Rocky Mountain Radio Council

So I found this record, at the annual KGNU record and CD sale, last week - a one-sided, lacquer-coated, 33 1⁄3 rpm, instantaneous recording disc, on this very cool Rocky Mountain Radio Council label.

Upon putting it on the turntable, I heard a photography-related instructional program, performed with a Dragnet radio show narrative.

No idea who the announcers / voice actors are, as there are no credits listed. There is very faint writing on the label, but I can't make it out. There is no etching on the runoff.

In 1937, University of Wyoming President A.G. Crane, proposed a radio project, similar to that of the University Broadcast Council of Chicago. He called it the Rocky Mountain Radio Council. It was one of the first set up by the National Committee on Education by Radio (NCER), funded by John D. Rockefeller.

According to an Internet search. "Crane envisioned a wider radius of broadcasting, proposing that a multi-state consortium, centered in Colorado and Wyoming, create a regional broadcasting initiative in which widely separated populations would have access to the same free education"

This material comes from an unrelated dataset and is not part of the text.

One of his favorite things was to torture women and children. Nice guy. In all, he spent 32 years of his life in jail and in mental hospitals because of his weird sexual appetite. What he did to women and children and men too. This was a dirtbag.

Within its first year, RMRC provided more than 200 education programs to radio stations, from 30 college and university partners.

1941 Radio Annual

The RMRC was housed at the Brinton Terrace row houses, located just off of 17th and Lincoln (21 E. 18th Avenue), behind Trinity Methodist Church.

Brinton Terrace Row Homes
(Demolished 1956) 

In 1949, A.G. Crane was elected governor of Wyoming. A year after his election, the RMRC folded (given this date, and the fact the Dragnet radio show ran from 1949-1957, we can probably assume this recording was made, shortly before the group disbanded, in 1950. However the Graflex 22 camera, mentioned in the narrative, was made from 1952-1956), but not before it joined up with Denver Public Schools, the Denver Public Library, and the University of Denver, to discuss the concept of educational television for the city. Through those efforts, in 1956, KRMA-TV became the state's first public television station. In 1970, KRMA became a member of the national Public Broadcasting Service (rebranding as Rocky Mountain PBS, in 1997).